As redes sociais também contribuem para a polarização política, criando o que se pode chamar de bolhas virtuais, com mecanismos que identificam os usuários, isolando-os de opiniões diferentes e assim fortalecendo comportamentos intolerantes.

Mas a intolerância transcende as redes sociais e hoje no Brasil com um governo no qual a intolerância com os que não concordam ou apoiam é fato, assim como os riscos à própria democracia, com sistemáticos ataques ao Estado Democrático de Direito.

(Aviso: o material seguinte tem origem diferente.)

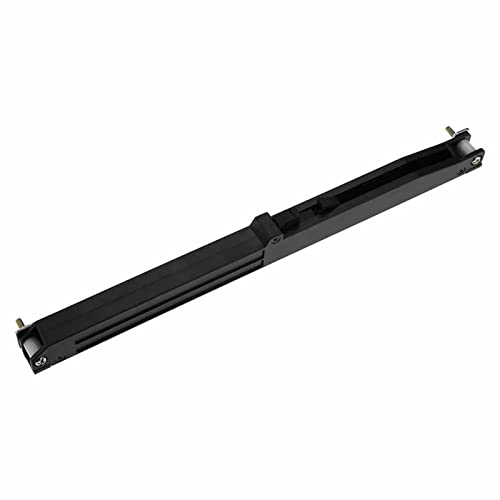 Door Slide Damper, Reliable Universal Door Hardware, Damping Door Slide, for Barn Doors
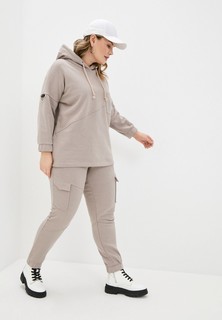 Костюм спортивный Sitlly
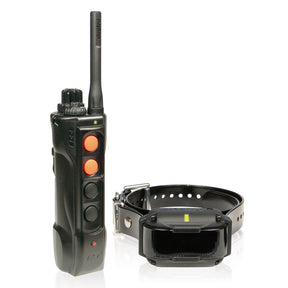 dogtra-edge-rt-dog-training-electric-shock-collar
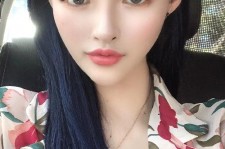 雅安关于南京伴游模特兼职女陪游丫丫的信息
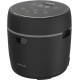 Sencor SRM0671BK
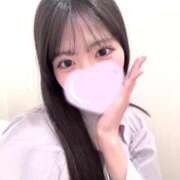 ヒメ日記 2026/01/08 16:54 投稿 紫みやび HYPER TOKYO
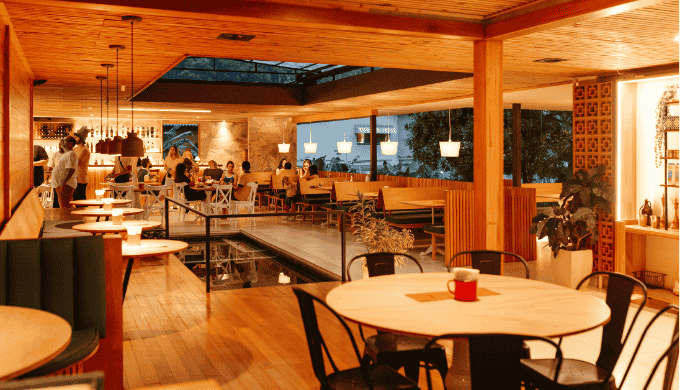 新潟での一人飲みから出会いを成功させるコツ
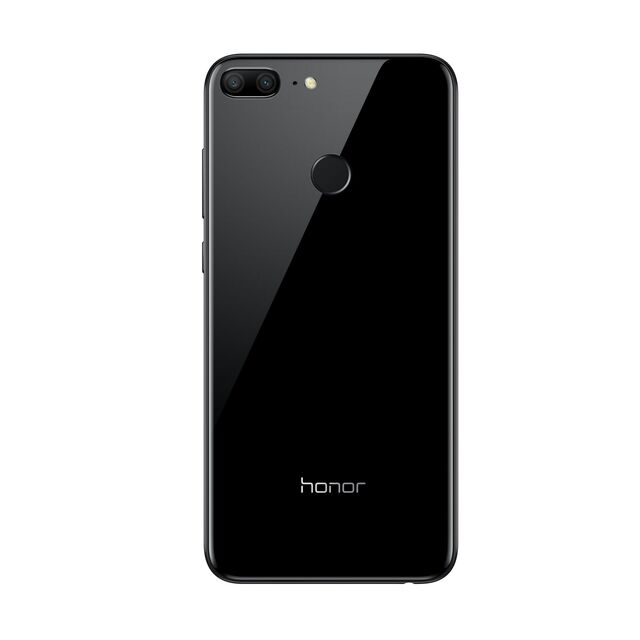Honor 9 Lite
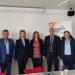 «Στην Περιφέρεια Θεσσαλίας η 2η Γενική Συνέλευση της Ένωσης των Ευρωπαϊκών Περιφερειών με Προϊόντα Ονομασίας Προέλευσης (AREPO)»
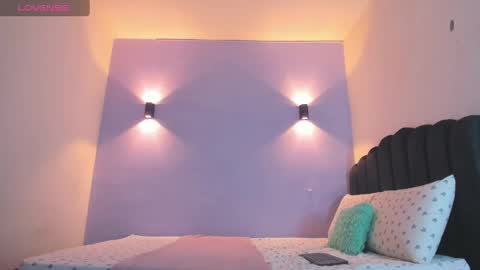 Sofia online show from March 4, 3:55 am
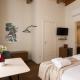 Casa Badia Bed & Breakfast Conversano - Foto 6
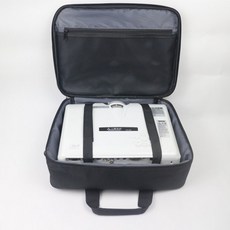 d996db741221fa7ee1283b35aaa14f461620ef9499c337745bcd09728957.jpg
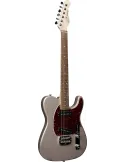 G L ASSP-SHRF-R-FC | MusicGoodDeal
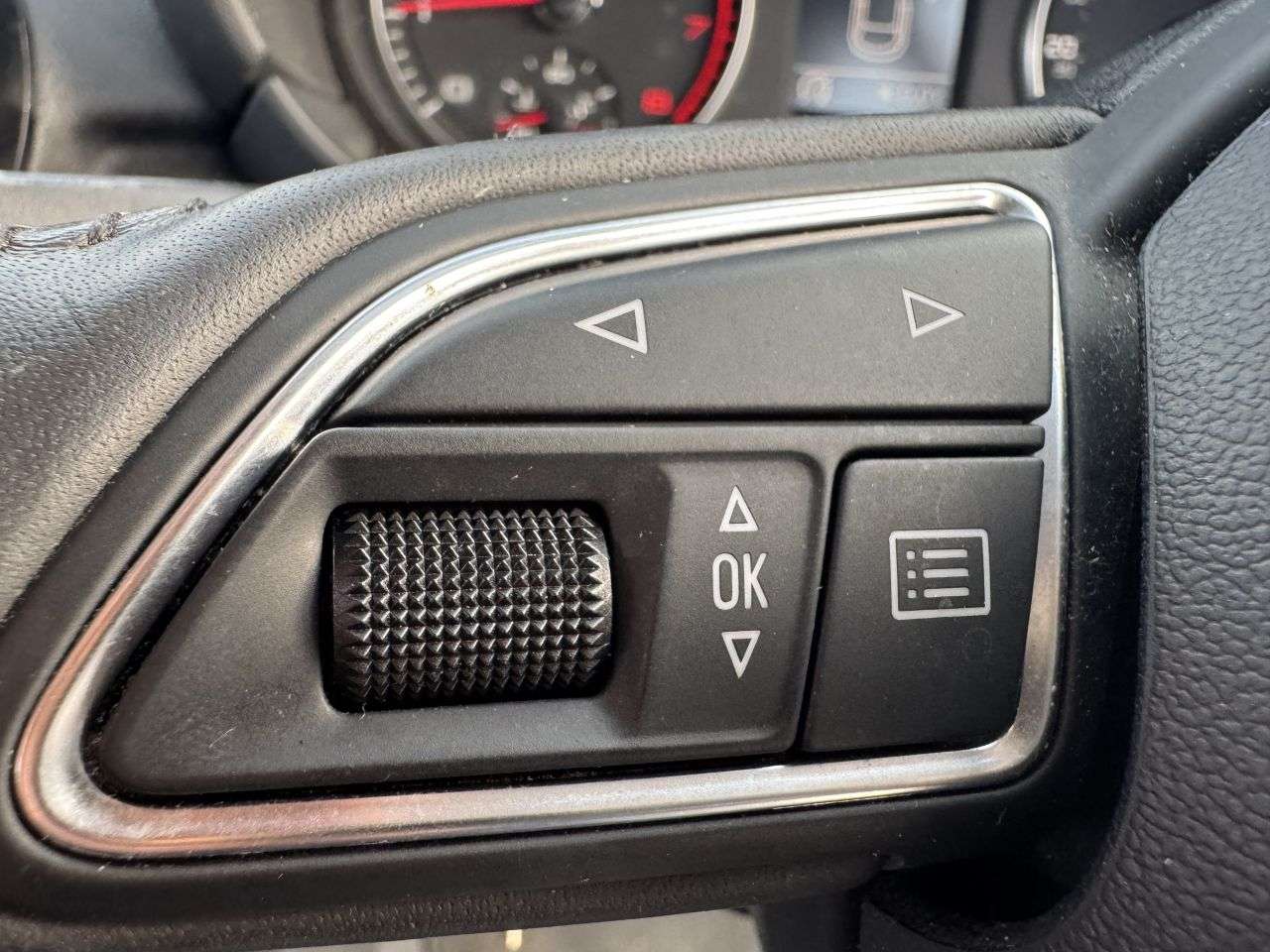 2011 AUDI A1 2011 AUDI A1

Em 2019, em pouco mais quatro meses após ter assumido à presidência da República ( 26 de abril) a Aliança Nacional LGBTI publicou uma nota de repúdio às declarações preconceituosas, machistas e homofóbicas do presidente da República que havia afirmado, no dia anterior, num café da manhã com jornalistas “Quem quiser vir aqui (no Brasil) fazer sexo com uma mulher, fique à vontade. Agora, não pode ficar conhecido como paraíso do mundo gay aqui dentro”.

Na nota, exige-se o respeito à diversidade e a não aceitação de “atitudes e ações ligadas ao racismo, machismo, discriminações contra lésbicas, gays, bissexuais, transexuais, travestis, intersexuais (LGBTI+), nem quaisquer outras pautas que promovam o ódio”.

Umberto Eco afirma que a intolerância deve ser combatida através de uma educação constante, que tenha início na infância “antes que ela se torne uma casca comportamental dura demais”. A questão é: como fazer isso em países em que os responsáveis pelo sistema educacional são eles mesmos, além de incompetentes, intolerantes?

De qualquer forma, é de fundamental importância declarar guerra a intolerância como parte de uma luta mais geral, antes que os intolerantes bloqueiem qualquer possibilidade nesse sentido. Uma sociedade intolerante é incapaz de conviver com as diferenças. O ódio é um sentimento que cega as pessoas e ajuda no processo de erosão da democracia, que tem como um dos seus fundamentos a convivência dos diferentes.

Intolerância é incompatível com a democracia, daí a urgência (e necessidade) dos democratas (e tolerantes) saber distinguir entre o tolerável e o intolerável, buscando um padrão de civilidade, de respeito aos direitos humanos, de se educar para a diversidade e aos valores que deveriam norteiam a sociedade, como a convivência democrática e repudiar os intolerantes, que fomentam preconceitos, ódio e a violência contra os que são e/ou pensam diferente. A intolerância não deve ser tolerada. Os tolerantes não devem tolerar intolerantes.